# Project 3 - Potential Talents

**Goal(s):**

Determine best matching candidates based on how fit these candidates are for a given role:
- Predict how fit the candidate is based on their available information (variable fit).
- Rank candidates based on a fitness score.
- Re-rank candidates when a candidate is starred.

Attributes:

- id : unique identifier for candidate (numeric)
- job_title : job title for candidate (text)
- location : geographical location for candidate (text)
- connections: number of connections candidate has, 500+ means over 500 (text)

Output (desired target):

- fit : how fit the candidate is for the role? (numeric, probability between 0-1)

**Results:**

- We were able to rank candidates based on a fitness score.
- We were able to re-rank candidates when a candidate is starred.

**Bonus(es):**

- *We are interested in a robust algorithm, tell us how your solution works and show us how your ranking gets better with each starring action.*

Once keywords are added to the initial data, these are preprocessed by eliminating punctuation, special characters, stopwords and by lemmantizing the words. For the algorithm to work, this process must be applied to the keyword chosen for the first task. Once data is preprocessed, word embeddings are obtained so that the cosine similarity function can have a correct interpretation of the data. Similar words between chosen keywords and the rest of the candidates' description will have a higher cosine similarity score. For task two candidates will be re-ranked using a different keyword which should be chosen based on a specific candidate's description.
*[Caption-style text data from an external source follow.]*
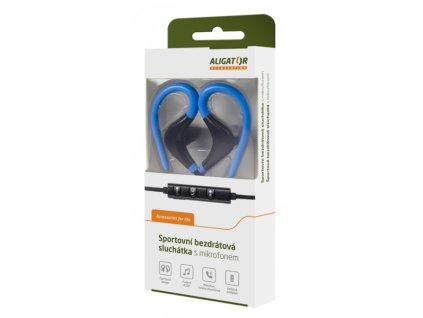 Aligator Sluchátka Bezdrátová FR301XBE Bluetooth sluchátka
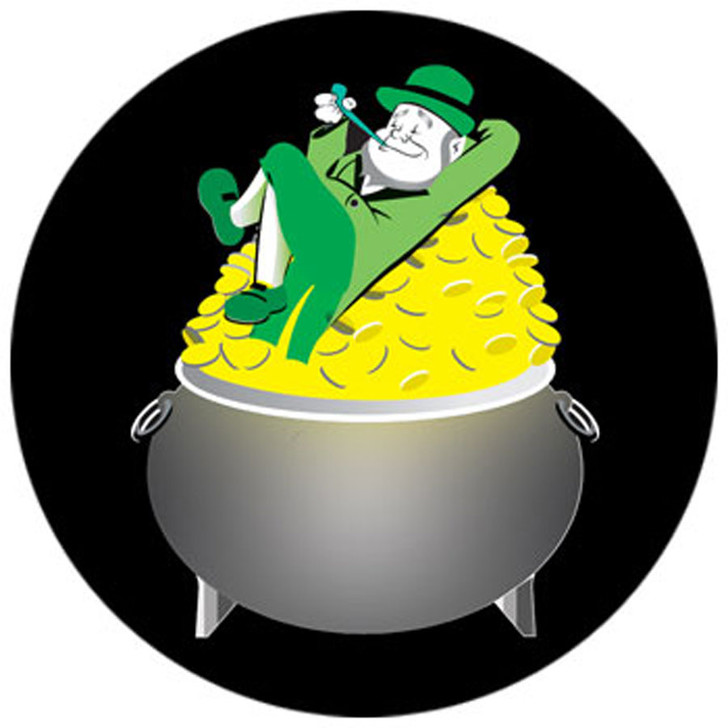 Pot Of Gold 2 - Apollo Glass Gobo #CS-0073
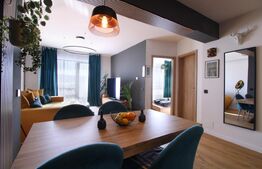  Apartament cu 4 camere și 96,6 mp utili, cu 3 terase, dispus pe două nivele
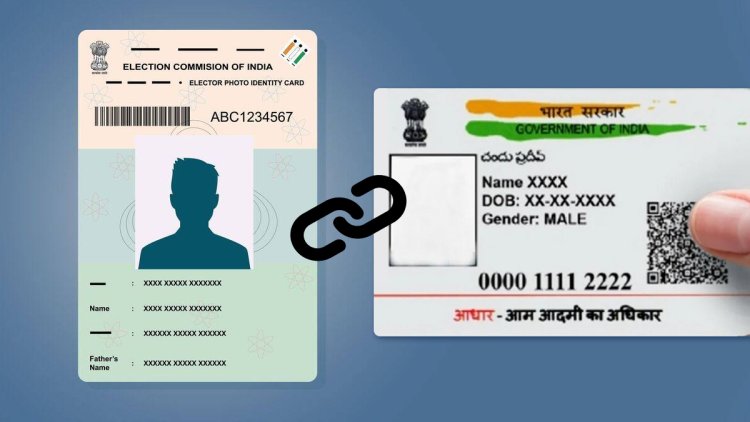 Those not linking Aadhaar with election card will stay in voters' list: Gov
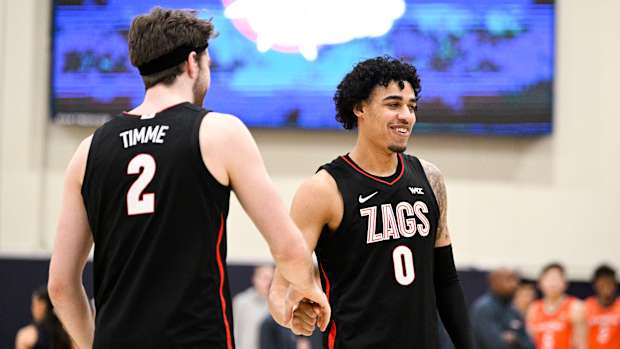 Drew Timme, Julian Strawther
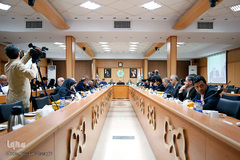 نشست خبری رییس ستاد بازسازی عتبات عالیات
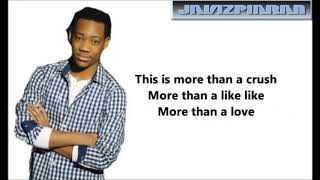 Tyler James Williams -Don&#39;t Run Away Lyrics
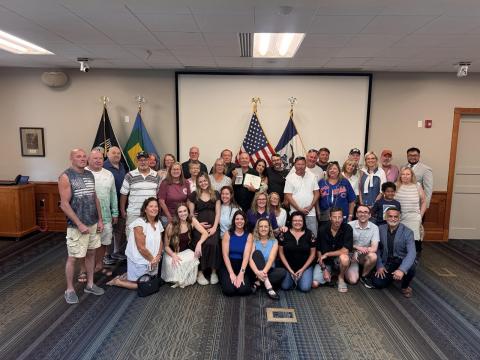 Specialist Robinson Ceremony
As new keywords are chosen, these become more specific to what the company is looking for which will make the algorithm get a closer match to the ideal candidate.

- *How can we filter out candidates which in the first place should not be in this list?*

When running the algorithm for the first time we can keep the top N results or eliminate those candidates with 0% fit result.
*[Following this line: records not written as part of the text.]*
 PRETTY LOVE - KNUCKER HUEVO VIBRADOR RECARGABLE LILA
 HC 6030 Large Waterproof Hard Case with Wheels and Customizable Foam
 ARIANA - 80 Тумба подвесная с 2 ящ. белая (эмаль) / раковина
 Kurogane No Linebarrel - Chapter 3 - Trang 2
- *Can we determine a cut-off point that would work for other roles without losing high potential candidates?*

Original candidates will always be part of the original database. If filtering is applied for a specific search, this can be removed and/or modifyed for future candidate searches.

- *Do you have any ideas that we should explore so that we can even automate this procedure to prevent human bias?*


## Analysis

In [1]:
import numpy as np
import pandas as pd

from utils import *
from state_information import USA_STATES

In [2]:
file_name = 'Seeking_human_resources.csv'
df = pd.read_csv(file_name)

feature_names = df.columns

display(df.head())
df.info()

Unnamed: 0,id,job_title,location,connection,fit
0,1,2019 C.T. Bauer College of Business Graduate (...,"Houston, Texas",85,
1,2,Native English Teacher at EPIK (English Progra...,Kanada,500+,
2,3,Aspiring Human Resources Professional,"Raleigh-Durham, North Carolina Area",44,
3,4,People Development Coordinator at Ryan,"Denton, Texas",500+,
4,5,Advisory Board Member at Celal Bayar University,"İzmir, Türkiye",500+,


<class 'pandas.core.frame.DataFrame'>
RangeIndex: 104 entries, 0 to 103
Data columns (total 5 columns):
 #   Column      Non-Null Count  Dtype  
---  ------      --------------  -----  
 0   id          104 non-null    int64  
 1   job_title   104 non-null    object 
 2   location    104 non-null    object 
 3   connection  104 non-null    object 
 4   fit         0 non-null      float64
dtypes: float64(1), int64(1), object(3)
memory usage: 4.2+ KB


Since our task is to complete de Y (fit) column, we should start by doing some data wrangling on columns job_title, location and connection.

### Data wrangling

#### Connection

In [3]:
connection_values = ['501' if x == '500+ ' else x for x in list(df['connection'].values)]
connection_values = list(map(int, connection_values))
print(f"Values between {np.min(connection_values)}-500+")

Values between 1-500+


In this case we will re-organize data into three categories:
- `100-`: less than 100 connections
- `100-500`: between 100 and 500 connections
- `500+`: more than 500 connections

In [4]:
def correct_connection_feature(idd):
    connection = df.loc[df['id'] == idd, 'connection'].values[0]
    if connection == '500+ ': df.loc[df['id'] == idd, 'connection'] = '500+'
    else:
        if (int(connection) <= 500) and (int(connection) >= 100): df.loc[df['id'] == idd, 'connection'] = '100-500'
        else: df.loc[df['id'] == idd, 'connection'] = '100-'

In [5]:
df['id'].apply(lambda x: correct_connection_feature(x))

print('Value counts:')
df['connection'].value_counts()

Value counts:


100-       49
500+       44
100-500    11
Name: connection, dtype: int64

#### Location

Our objective is to add information that will be useful to detected certain paterns in text. In this case we will add the following information:
- Add alternative spellings
- Add english translation
- Add US regions, divisions and state acronyms

We will create a new column called `location_key_words` where all keywords will be accumulated for each `location` row. And the `location` attribute will be left with a clean version of the location for presentation purposes.

In [6]:
df['location_key_words'] = df['location']

In [7]:
def add_to_key_attribute(df, original_value, new_value, clean_value, original_att='location', key_att='location_key_words'):
    df.loc[df[original_att] == original_value, key_att] = df.loc[df[original_att] == original_value, key_att] + ', ' + new_value
    df.loc[df[original_att] == original_value, original_att] = clean_value

In [8]:
add_to_key_attribute(df, original_value='Kanada', new_value='Canada', clean_value='Canada')
add_to_key_attribute(df, original_value='İzmir, Türkiye', new_value='Izmir, Turkey', clean_value='Izmir, Turkey')
add_to_key_attribute(df, original_value='Amerika Birleşik Devletleri', new_value='United States of America, USA, US', clean_value='USA')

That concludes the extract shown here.